WHAT THIS TASK INVOLVES:
Give an exact transcription limited to the lines from the one with "Man wearing a" through the end of the entries, including both; no pictures belong in it.

DATA EXTRACT:
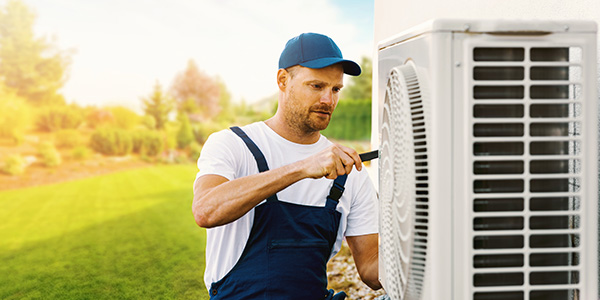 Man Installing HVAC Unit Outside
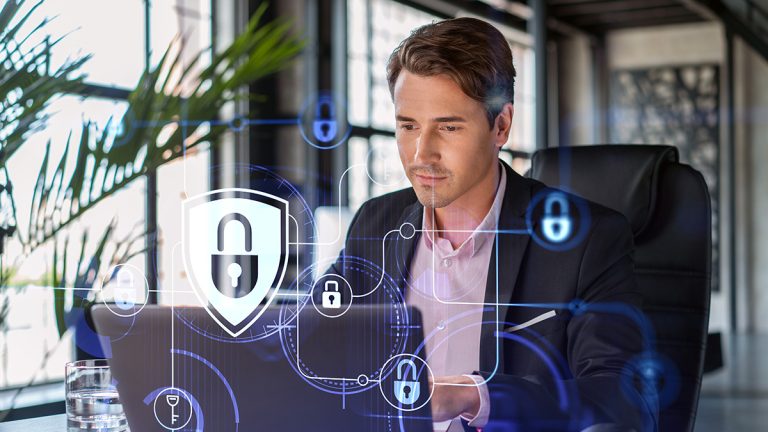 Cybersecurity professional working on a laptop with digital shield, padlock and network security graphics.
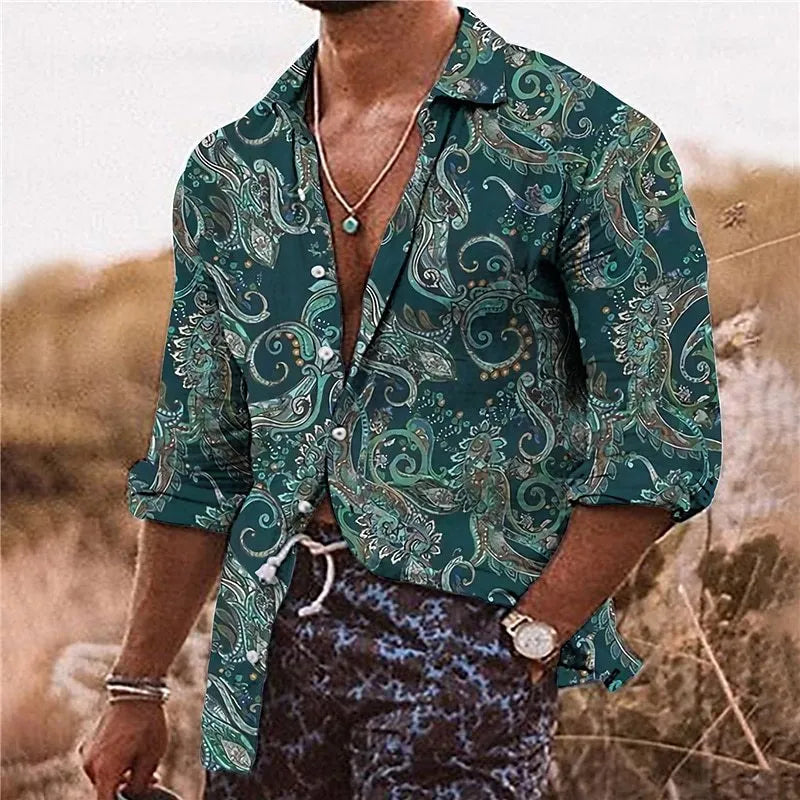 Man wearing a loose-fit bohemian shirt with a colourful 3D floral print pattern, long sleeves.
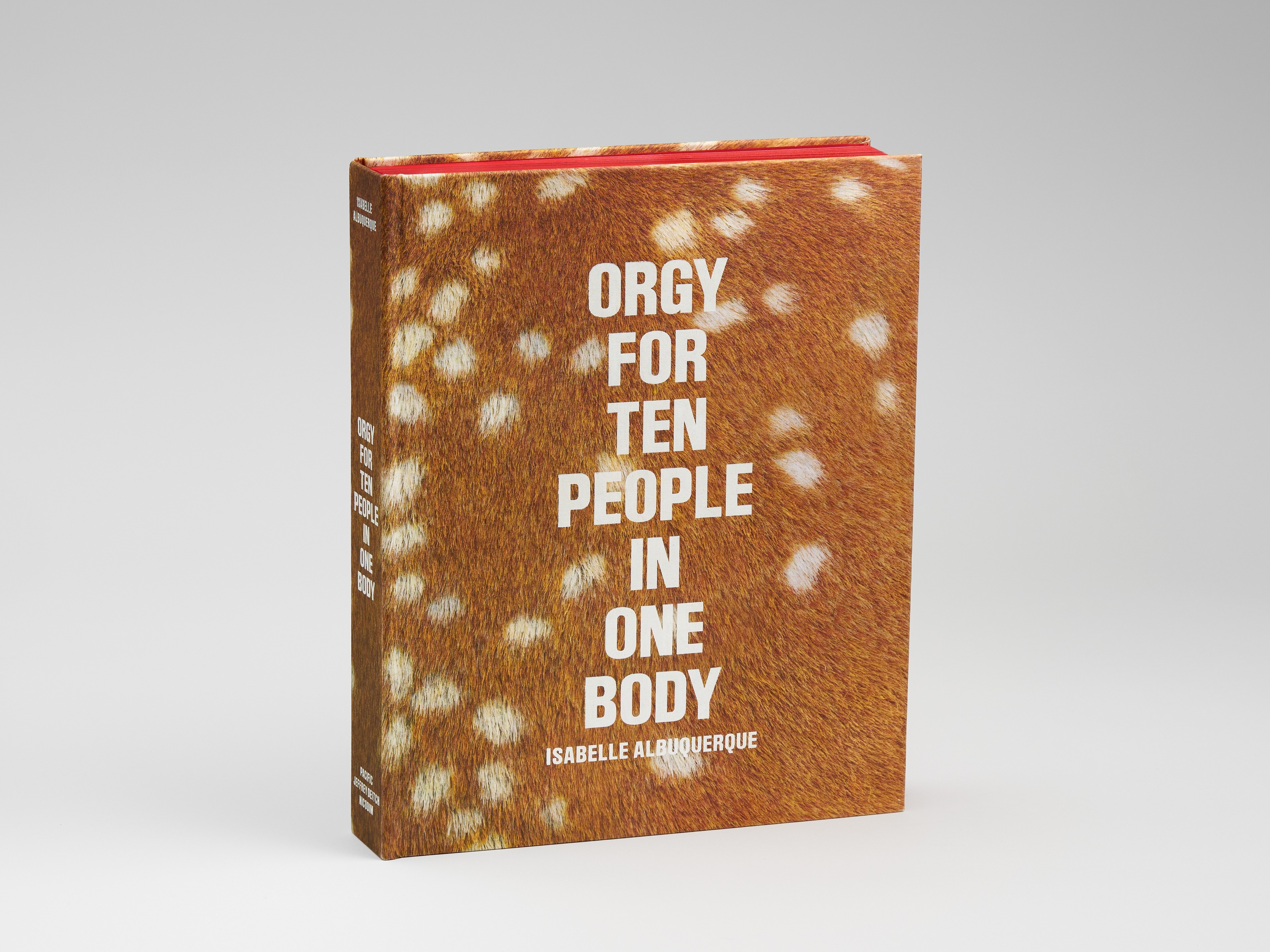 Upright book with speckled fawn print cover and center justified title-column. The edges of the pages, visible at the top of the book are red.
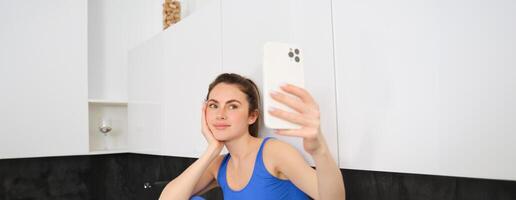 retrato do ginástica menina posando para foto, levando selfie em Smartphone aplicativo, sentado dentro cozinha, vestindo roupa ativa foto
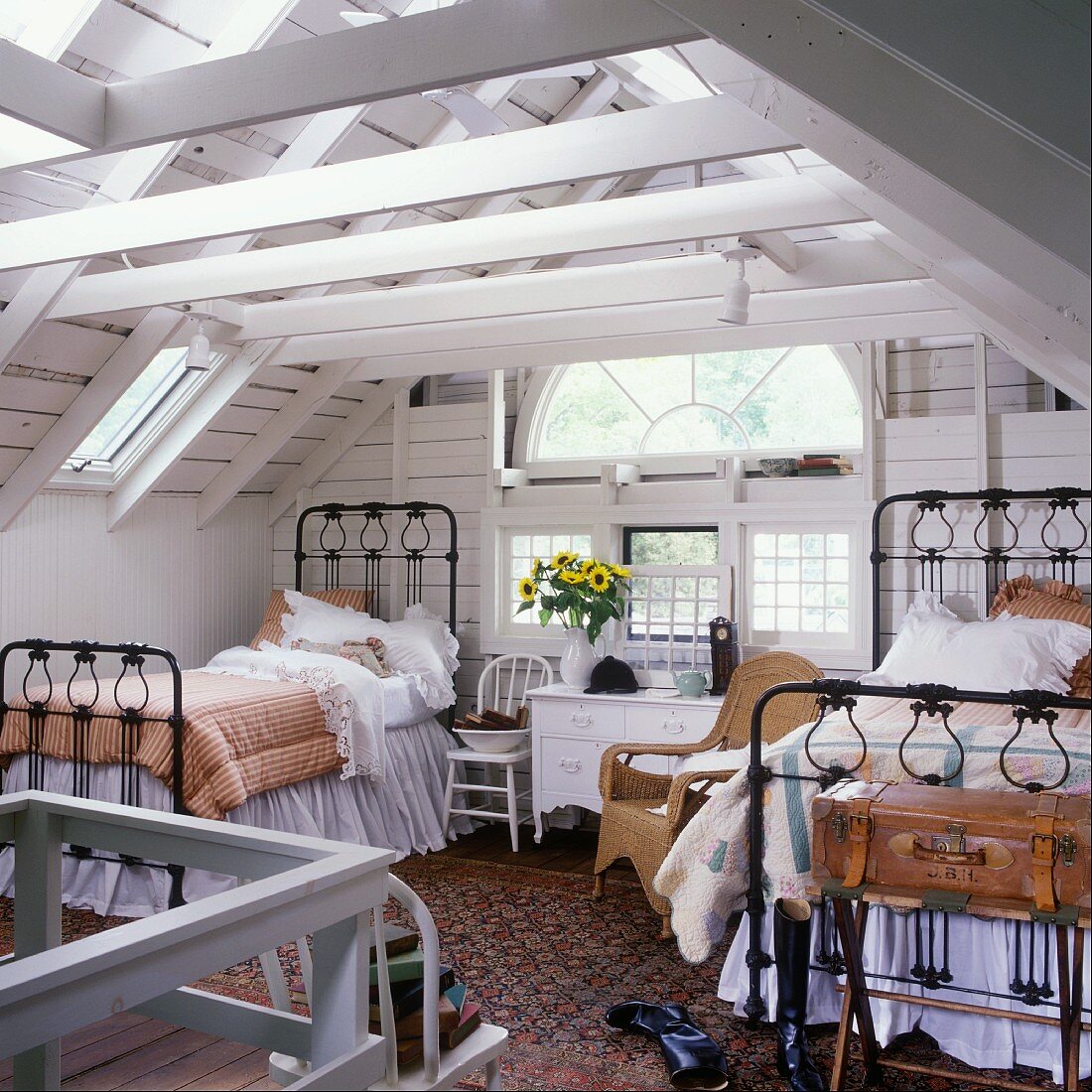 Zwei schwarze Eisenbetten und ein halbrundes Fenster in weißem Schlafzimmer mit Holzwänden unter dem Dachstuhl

OUTPUT OF THE EXERCISE:
 Man wearing a loose-fit bohemian shirt with a colourful 3D floral print pattern, long sleeves.
 Upright book with speckled fawn print cover and center justified title-column. The edges of the pages, visible at the top of the book are red.
 retrato do ginástica menina posando para foto, levando selfie em Smartphone aplicativo, sentado dentro cozinha, vestindo roupa ativa foto
 Zwei schwarze Eisenbetten und ein halbrundes Fenster in weißem Schlafzimmer mit Holzwänden unter dem Dachstuhl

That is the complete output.